# Motor changeout for a 22211



## T-Man (May 16, 2008)

This is the engine. A standard for LGB.










This is just a quick method to cover how to get access tot he motor. You cannot get to from the bottom with four screws. This is the motor compartment and needs to be removed from the engine and then accessed from the top.










The eccentric rod is attached to the frame from underneath by one screw and I also removed the rod nut to the right.
Here is the view of the rod spacing

.









IN front remove the two screws on each side of the coupler. Here I loosened the center screw by accident.










Here I removed the plow with only one screw.










The remove a screw from each side of the rear coupler.



















WIth that done the motor assembly will drop down from the frame. This gives the slack to remove the eccentric rod.

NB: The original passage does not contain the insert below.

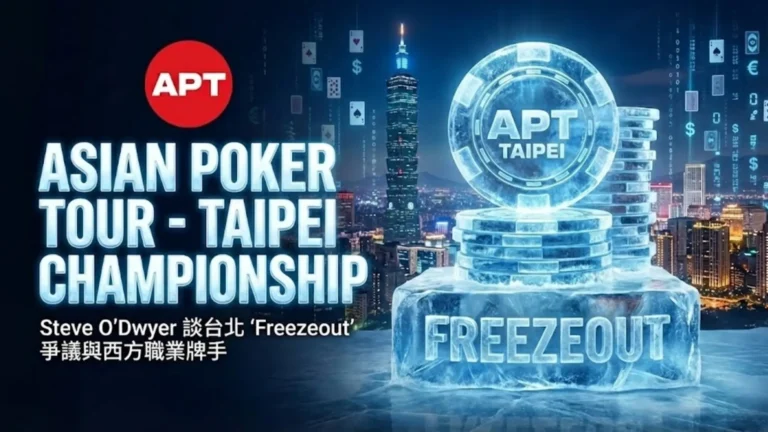 APT台北冠軍賽Freezeout主賽事封面圖，強調Steve O'Dwyer對西方職業牌手缺席的評論。PokerOffer。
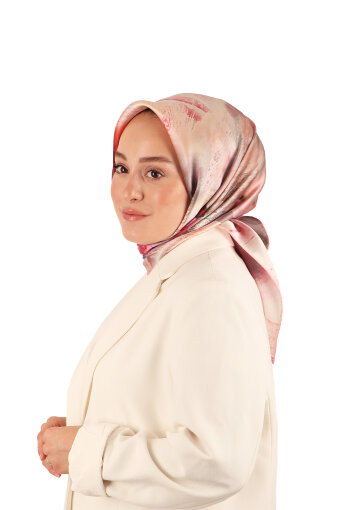 Pink Pastel Pattern Sura Silk Scarf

Disconnect the plug to the motor.










Flip it and two more screws remove the cover. The motor just snaps in or out.


----------



## T-Man (May 16, 2008)

Two more pics


----------



## MichaelE (Mar 7, 2018)

Does that motor have internal flywheels? How is the slow speed starting and stopping?


----------



## Big Ed (Jun 16, 2009)

Is this a hint for your new outdoor garden layout going up? 
Get a plow train for the wintertime?


----------



## T-Man (May 16, 2008)

I work on a G scale layout. One display was an Acela on a back and forth automation. It was slow, a crawl? Probably not.
Some of these engines are huge and not speedy at all. Unfortunately i do not have a test track.
I have no idea on internal flywheels.


----------